**Work item:**
Report each line from the records where the string "Miami" turns up.

*** Given data ***

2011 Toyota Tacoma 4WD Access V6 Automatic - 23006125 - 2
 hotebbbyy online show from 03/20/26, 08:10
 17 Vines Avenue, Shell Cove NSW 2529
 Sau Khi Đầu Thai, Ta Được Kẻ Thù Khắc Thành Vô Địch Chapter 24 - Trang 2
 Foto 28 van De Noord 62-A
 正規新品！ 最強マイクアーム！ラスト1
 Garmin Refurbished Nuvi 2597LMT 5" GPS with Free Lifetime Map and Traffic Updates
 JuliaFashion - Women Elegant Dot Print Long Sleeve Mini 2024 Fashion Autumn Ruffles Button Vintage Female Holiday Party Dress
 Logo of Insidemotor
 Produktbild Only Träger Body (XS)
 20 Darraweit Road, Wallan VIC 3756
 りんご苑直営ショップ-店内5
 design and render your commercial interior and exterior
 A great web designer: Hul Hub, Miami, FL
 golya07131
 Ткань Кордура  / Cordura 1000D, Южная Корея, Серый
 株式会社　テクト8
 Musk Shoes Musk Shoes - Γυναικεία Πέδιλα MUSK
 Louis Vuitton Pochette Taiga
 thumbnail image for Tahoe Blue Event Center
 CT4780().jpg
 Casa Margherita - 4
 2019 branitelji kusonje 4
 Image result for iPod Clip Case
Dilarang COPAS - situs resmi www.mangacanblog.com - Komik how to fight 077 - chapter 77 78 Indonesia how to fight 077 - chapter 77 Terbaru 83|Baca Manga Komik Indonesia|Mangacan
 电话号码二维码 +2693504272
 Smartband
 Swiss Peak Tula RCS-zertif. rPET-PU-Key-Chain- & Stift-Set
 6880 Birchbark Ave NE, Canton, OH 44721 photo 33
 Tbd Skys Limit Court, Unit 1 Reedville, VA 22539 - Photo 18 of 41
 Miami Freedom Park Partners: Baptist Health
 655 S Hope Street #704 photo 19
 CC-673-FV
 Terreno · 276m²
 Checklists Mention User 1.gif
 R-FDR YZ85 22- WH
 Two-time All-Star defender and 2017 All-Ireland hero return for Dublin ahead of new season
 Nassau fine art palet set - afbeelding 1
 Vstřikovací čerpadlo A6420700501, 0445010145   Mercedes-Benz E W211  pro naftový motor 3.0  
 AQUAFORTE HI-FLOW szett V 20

*** End of Given data ***

**Solution to this task:**
 A great web designer: Hul Hub, Miami, FL
 Miami Freedom Park Partners: Baptist Health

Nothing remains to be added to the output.